Submitted to: Agronomy Journal
Publication Type: Peer Reviewed Journal
Publication Acceptance Date: 7/2/2012
Publication Date: 8/22/2012
Publication URL: http://handle.nal.usda.gov/10113/55243
Citation: Nielsen, D.C., Miceli-Garcia, J.J., Lyon, D.J. 2012. Canopy cover and leaf area index relationships for wheat, triticale, and corn. Agronomy Journal. 104:1569-1573. Interpretive Summary: Cropping systems models are valuable tools for assessing management and weather effects on crop production. The recently developed model AquaCrop from the United Nations Food and Agriculture Organization is useful for assessing crop production under varying temperature and water availability conditions. In order to calibrate and validate the model simulated canopy cover (as a measure of crop growth and development) must be matched against field measured values. But canopy cover measurements have not been routinely taken in field studies, whereas leaf area index measurements have been taken. ARS scientists at Akron, CO generated mathematical relationships between leaf area index and canopy cover for winter wheat, corn, and triticale. The relationships had the form of exponential rise to a maximum value and will be useful for completing modeling studies with data sets in which leaf area index has been recorded. Additionally, the relationship can also be used as a low cost method to predict leaf area index from canopy cover measurements made with an inexpensive digital camera.
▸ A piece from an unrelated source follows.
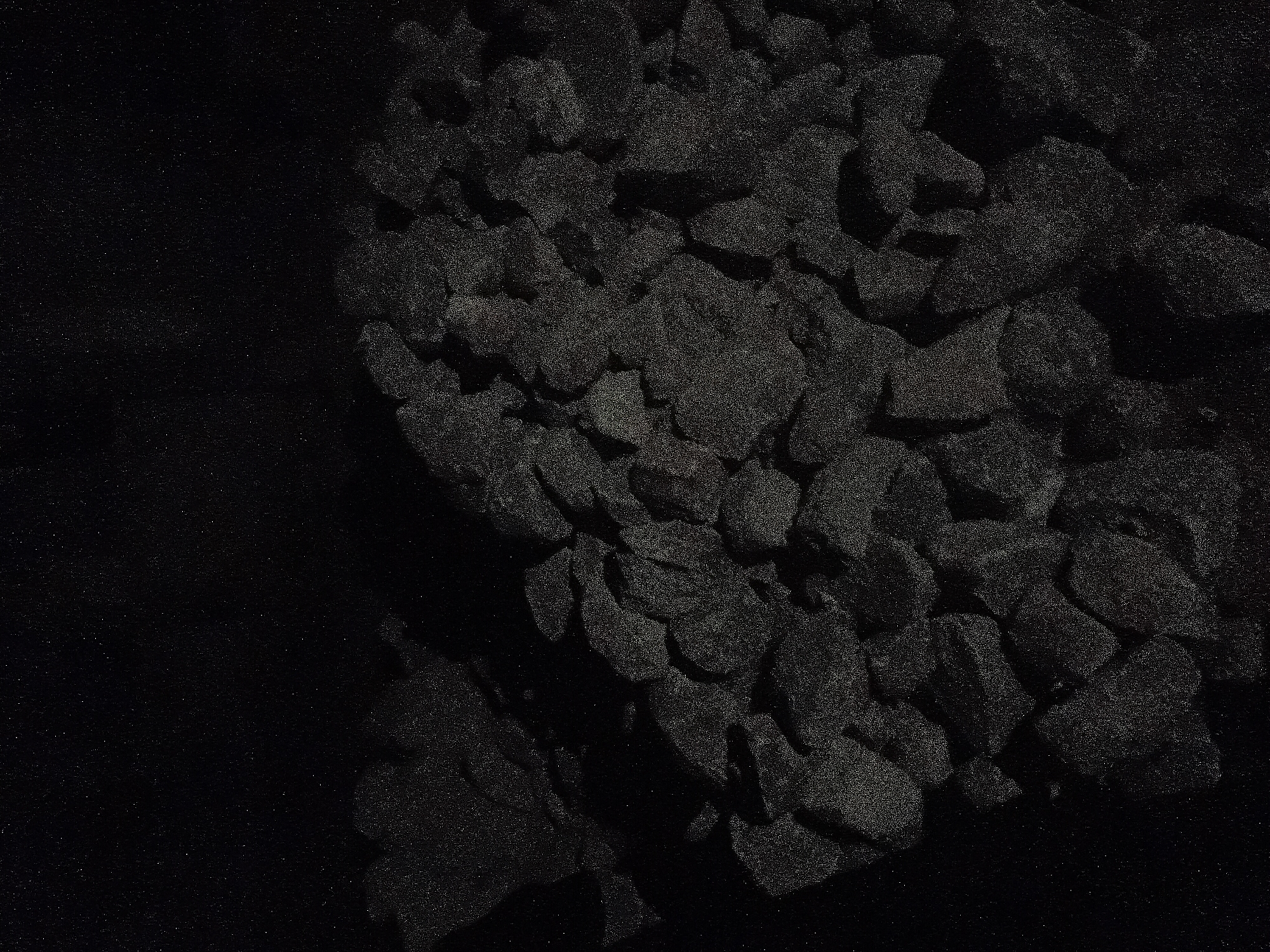 The image displays a dark, grainy, low-light scene featuring a large, irregularly piled mass of angular, dark grey to black granular material, consistent with crushed rock, gravel, or coal. The individual pieces are varied in size and shape, creating a rough, textured surface with subtle highlights and deep shadows indicative of low illumination. The material occupies the lower two-thirds of the frame, receding into a uniformly dark and featureless background in the upper portion. No human subjects, identifiable structures, or specific environmental markers are present to provide scale or further context. This scene is located in the city of Jalingo, Nigeria.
Technical Abstract: The AquaCrop model requires canopy cover (CC) measurements to define crop growth and development. Some previously collected data sets that would be useful for calibrating and validating AquaCrop contain only leaf area index (LAI) data, but could be used if relationships were available relating LAI to CC. The objective of this experiment was to determine relationships between LAI and CC for corn (Zea mays L.), winter wheat (Triticum aestivum L.), and spring triticale (X Triticosecale rimpaui Wittm.) grown under dryland or very limited irrigation conditions. The LAI and CC data were collected during 2010 and 2011 at Akron, CO and Sidney, NE from two crop rotations. LAI data were obtained with a plant canopy analyzer and CC data were determined from point analysis of digital photographs taken above the crop canopy. Strong relationships were found between LAI and CC that followed the exponential rise to a maximum form. The relationship for corn was similar to a previously published relationship for LAI less than 2 m2 m-2, but predicted lower CC for greater LAI. Relationships for wheat and triticale were similar to each other. Predicted values of CC for both wheat and triticale were greater than CC predicted for corn at any given LAI value. The relationships defined in this paper will be useful for making additional existing data sets available for modeling with AquaCrop and can also be used as a low cost method to predict LAI from CC measurements made with an inexpensive digital camera.